This thread has been locked.

If you have a related question, please click the "Ask a related question" button in the top right corner. The newly created question will be automatically linked to this question.

TMS320C6678: delay slot and Functional Unit Latency for c6678 instruction

Genius 13655 points
Part Number: TMS320C6678

Hello champs,

How to calculate the CPU cycles for an assembly instruction?
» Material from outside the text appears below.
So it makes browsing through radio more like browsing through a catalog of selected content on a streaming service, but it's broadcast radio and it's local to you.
Does it need to include the delay slot+Functional Unit Latency? 

For example, how many CPU cycles need for MPYDP instruction? 

Instruction Type MPYDP
Delay Slots 9
Functional Unit Latency 4
http://www.ti.com/lit/ug/sprugh7/sprugh7.pdf

Thanks.
Rgds
Shine

  • We're looking into this.

    Best Regards,
    Yordan
  • Hi,

    I thought "The lower 32 bits of src1 are read on E1 and E2, and the upper 32 bits of src1 are read on E3 and E4. The lower 32 bits of src2 are read on E1 and E3, and the upper 32 bits of src2 are read on E2 and E4. The lower 32 bits of the result are written on E9, and the upper 32 bits of the result are written on E10". So I think it takes 13 CPU cycles (4 functional + 9 delay).

    Regards, Eric
  • SPRUGH7 is the right document to look at. The most important sections for this question are 3.4 (Delay Slots) and 5.1.4 (Pipeline Operation Summary).

    From Table 3-8, the functional unit latency is usually baked into the number of delay slots. In general, I believe an instruction takes a number of cycles equal to 7 plus the number of delay slots.
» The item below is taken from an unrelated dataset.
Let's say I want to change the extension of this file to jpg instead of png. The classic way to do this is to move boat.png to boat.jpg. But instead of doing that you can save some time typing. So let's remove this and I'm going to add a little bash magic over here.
    From Figure 5-5, Figure 5-6, and Table 5-1, MPYDP uses ten execute cycles, in addition to four program fetch cycles and two program decode cycles, for a total of 16 cycles. Of course, when the pipeline is full, most of those cycles overlap with other instructions. Table 5-4 explains what MPYDP does during each of the ten execute cycles, and section 5.2.15 shows (for MPYDP) when the four cycles of instruction unit latency are relative to register reads and writes.

    In the case of MPYDP, section 3.4 also mentions that the arithmetically equivalent FMPYDP was added with smaller values for both delay slots and functional unit latency.